Je ne dis pas que c'est l'unique manière de bien vivre sa féminité. Je dis juste qu'il ne faudrait pas que la connaissance de son corps soit présentée comme un danger. Je trouve ça même aberrant ! Et puis, il serait peut être bon d'aller au fond des choses : pourquoi y a-t'il une augmentation du recours aux méthodes "naturelles" ? Est-ce une évolution sociétale ? Ne serait-il pas bon de s'adapter à cette demande et de l'approfondir ? De trouver les moyens pour que ça soit mieux connu et maîtrisé ? Parce que de vous à moi, je n'ai pas la formation ou la connaissance pour réellement accompagner une femme désirant mieux connaitre son corps... Ben non, la physiologie n'est pas quelque chose qu'on apprend en fac de médecine. Donc ne serait-il pas bon de reconnaître qu'il y a là une évolution durable de la mentalité de la société et qu'il faut donc y apporter des réponses approfondies ? J'aimerai savoir l'état de connaissance de ces papas gynécos sur les choses dont ils parlent !

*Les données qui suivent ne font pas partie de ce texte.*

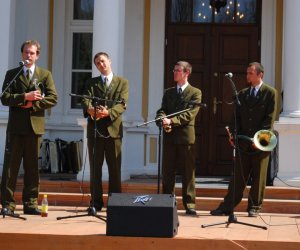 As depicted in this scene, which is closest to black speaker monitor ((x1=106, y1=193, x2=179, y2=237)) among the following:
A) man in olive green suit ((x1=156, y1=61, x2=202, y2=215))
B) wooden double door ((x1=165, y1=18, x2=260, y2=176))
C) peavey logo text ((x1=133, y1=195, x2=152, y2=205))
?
peavey logo text ((x1=133, y1=195, x2=152, y2=205))

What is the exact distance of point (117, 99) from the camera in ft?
31.7

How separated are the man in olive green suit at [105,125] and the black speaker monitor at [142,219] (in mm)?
1695

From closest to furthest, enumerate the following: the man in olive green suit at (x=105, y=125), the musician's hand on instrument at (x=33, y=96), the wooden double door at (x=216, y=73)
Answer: the musician's hand on instrument at (x=33, y=96) < the man in olive green suit at (x=105, y=125) < the wooden double door at (x=216, y=73)

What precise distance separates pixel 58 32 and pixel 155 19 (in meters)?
1.74

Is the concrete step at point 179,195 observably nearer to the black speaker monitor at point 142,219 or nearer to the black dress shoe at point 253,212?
the black dress shoe at point 253,212

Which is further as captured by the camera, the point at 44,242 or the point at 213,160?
the point at 213,160

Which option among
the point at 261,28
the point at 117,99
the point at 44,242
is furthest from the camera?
the point at 261,28

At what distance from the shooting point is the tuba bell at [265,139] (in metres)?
9.17

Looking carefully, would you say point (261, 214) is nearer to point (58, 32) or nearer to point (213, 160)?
point (213, 160)

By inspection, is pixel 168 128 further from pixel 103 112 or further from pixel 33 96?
pixel 33 96

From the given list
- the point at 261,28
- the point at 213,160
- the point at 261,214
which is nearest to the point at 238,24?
the point at 261,28

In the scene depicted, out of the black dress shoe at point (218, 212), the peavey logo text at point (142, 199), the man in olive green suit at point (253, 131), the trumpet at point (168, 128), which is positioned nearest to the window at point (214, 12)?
the man in olive green suit at point (253, 131)

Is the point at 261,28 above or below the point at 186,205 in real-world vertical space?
above

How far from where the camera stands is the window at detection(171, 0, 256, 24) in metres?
13.2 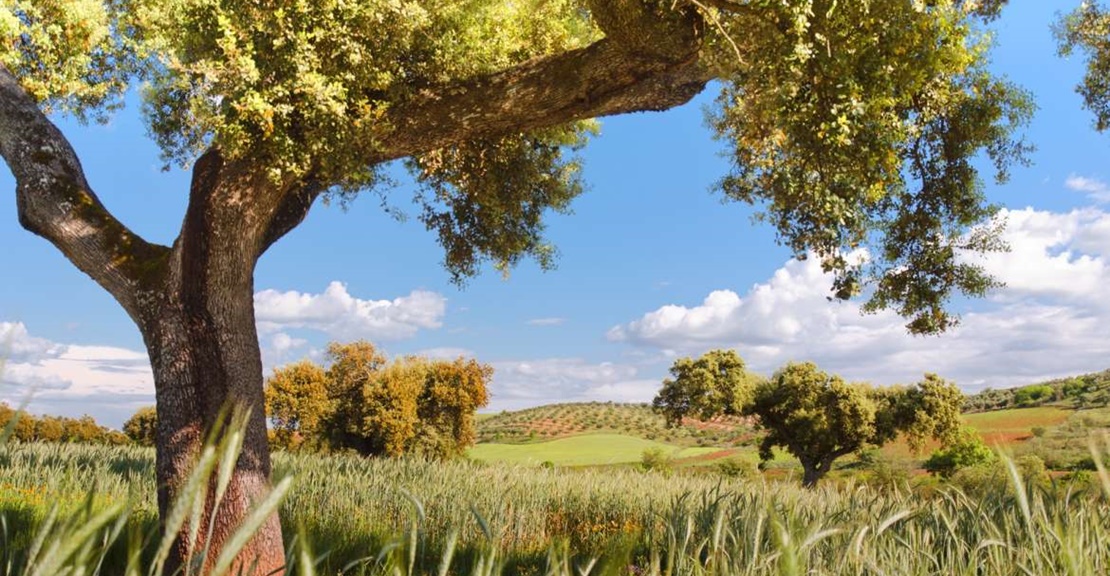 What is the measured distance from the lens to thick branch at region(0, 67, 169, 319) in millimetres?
9609

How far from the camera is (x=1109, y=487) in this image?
4.43 ft

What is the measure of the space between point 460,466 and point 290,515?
527 centimetres

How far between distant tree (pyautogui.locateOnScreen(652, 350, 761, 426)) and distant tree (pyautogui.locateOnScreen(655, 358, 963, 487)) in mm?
42

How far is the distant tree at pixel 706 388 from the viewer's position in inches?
1288

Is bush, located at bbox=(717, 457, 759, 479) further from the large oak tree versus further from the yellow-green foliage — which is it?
the yellow-green foliage

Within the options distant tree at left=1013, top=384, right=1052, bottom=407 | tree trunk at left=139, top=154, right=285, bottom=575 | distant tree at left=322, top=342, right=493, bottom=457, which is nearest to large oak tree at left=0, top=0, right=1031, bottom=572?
tree trunk at left=139, top=154, right=285, bottom=575

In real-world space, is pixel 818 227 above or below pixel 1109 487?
above

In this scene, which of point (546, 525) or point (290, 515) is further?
point (546, 525)

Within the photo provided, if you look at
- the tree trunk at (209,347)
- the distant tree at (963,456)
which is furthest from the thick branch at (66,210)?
the distant tree at (963,456)

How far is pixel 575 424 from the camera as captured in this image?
66.5 m

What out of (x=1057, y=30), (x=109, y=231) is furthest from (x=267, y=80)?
(x=1057, y=30)

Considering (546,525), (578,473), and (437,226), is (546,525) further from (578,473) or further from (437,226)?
(437,226)

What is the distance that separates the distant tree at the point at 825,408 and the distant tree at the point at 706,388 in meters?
0.04

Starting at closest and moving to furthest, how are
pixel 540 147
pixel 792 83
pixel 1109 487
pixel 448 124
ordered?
pixel 1109 487, pixel 792 83, pixel 448 124, pixel 540 147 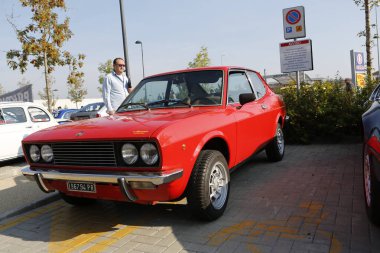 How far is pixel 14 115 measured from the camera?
8492mm

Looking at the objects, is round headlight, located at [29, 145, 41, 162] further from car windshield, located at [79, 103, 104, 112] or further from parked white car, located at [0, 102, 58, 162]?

Quant à moi, quand une patiente envisage ce genre de démarche, je lui parle globalement des choses et l'oriente vers quelqu'un qui saura vraiment l'accompagner dans cette découverte. Après, il s'agit des choix de la patiente, de la vie de la patiente, du corps de la patiente... Mais encore faudrait-il ne pas la considérer comme une enfant... N'est-ce pas, papa ?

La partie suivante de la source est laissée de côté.